Posted on July 11, 2011 by Joan

For the second year in a row, we took the top score at the Hawaii Coffee Association’s statewide cupping competition! The winning coffee: Our Kenya-style Red Bourbon.

We’re delighted — and relieved — that Lorie’s experiments with Kenya-style processing paid off. This method, popular in Kenya, is modified for our climate. It took a year-and-a-half of trial and error to refine it for the winning coffee.

We carefully select ripe Red Bourbon coffee cherries, then pulp them to release the seeds, or coffee beans. We ferment the beans in water, then drain and rinse them. Then we add fresh water for another round of fermentation before laying the coffee on racks to dry.

The dried beans must rest to balance the flavors before roasting.
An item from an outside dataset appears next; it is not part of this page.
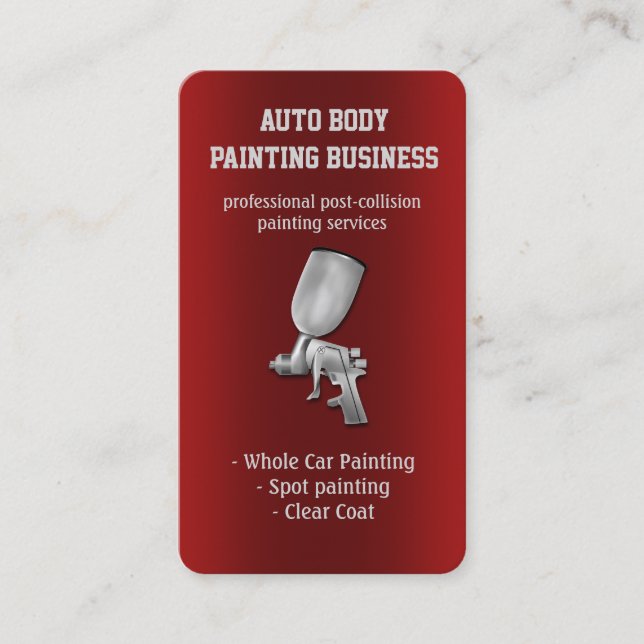 Tarjeta De Visita Pintura automática de cuerpo | Moderno (Anverso)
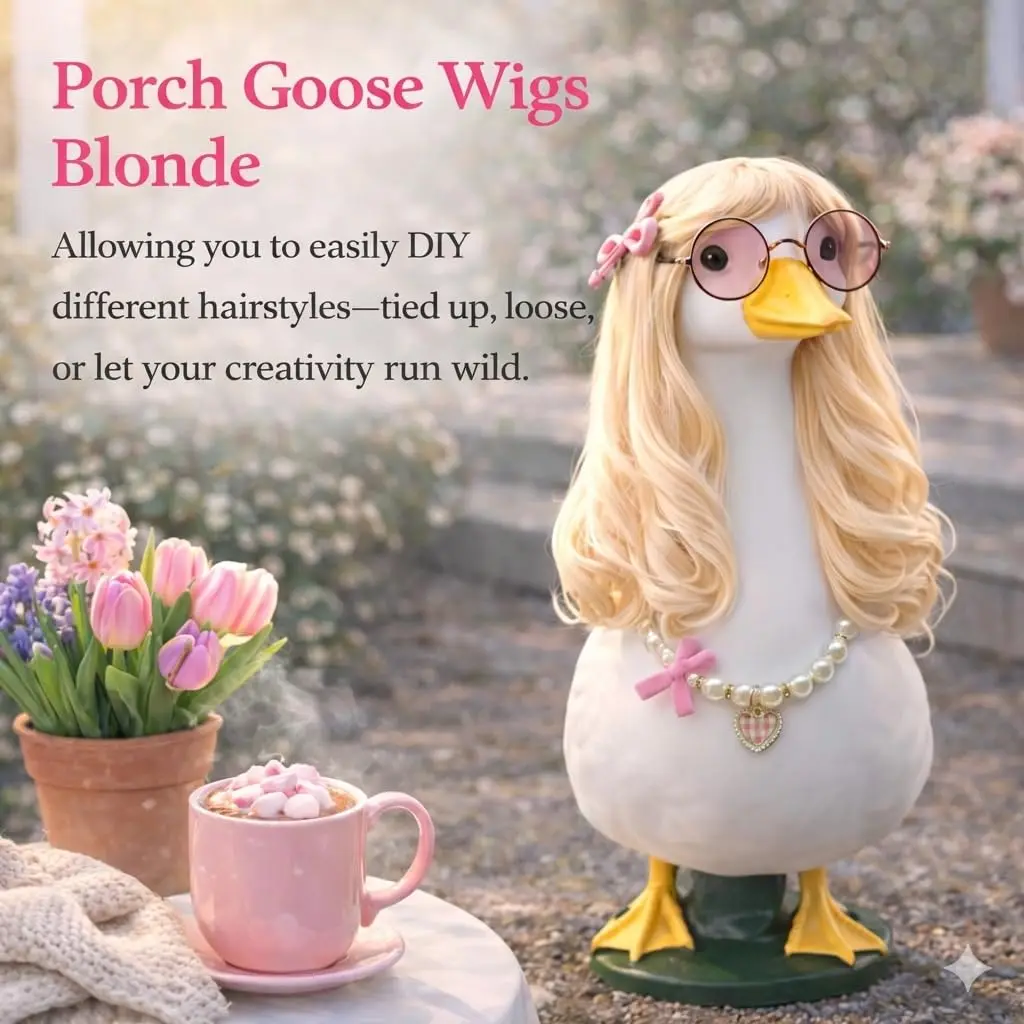 Cute Sweet Goose Statue Accessory Kit, Blonde Wig with Heart Pearl Necklace And Sunglasses And Hair Clips, for 23' Lawn Goose, Yard Art Decoration view 2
The result: a clean, elegant and bright coffee that starts off with flavors of lemon and turbinado sugar, then shifts to blackberry, red wine and chocolate as it cools.

Here are more details from the Hawaii Coffee Association’s press release:

Rusty’s Hawaiian 100% Ka’u Coffee received top honors for the second consecutive year in the competition between coffees entered from each growing origin in Hawaii. The coffees were ‘cupped’ and scored from a pool of 58 premium Hawaiian coffees from eight districts by a panel of six notable coffee industry professionals using standardized blind procedures….

Lorie passionately expressed simultaneous joy and sorrow adding that she was emotionally torn between sadness and elation because her late husband and farm namesake, Rusty, could not share the award while expressing joy over realizing his dream. “This is for my late husband, our farm, the Ka’u district, the HCA and all Hawaii coffees from across the state,” Obra said.

The expanded cupping panel included Shawn Hamilton of Java City Roasters, Warren Muller of Inter American Coffee, Paul Thornton of Coffee Bean International, Lindsey Bolger of Green Mountain Coffee Roasters, Jay Isais and Jesse Martinez of Coffee Bean and Tea Leaf. Four of the six are licensed coffee graders. None are based in Hawaii to help ensure impartiality. “The cup quality and diversity has improved every year”, said chief judge Hamilton. “We’re experiencing flavors that would never have been associated with Hawaiian coffee in years past. Everyone is upping their game.”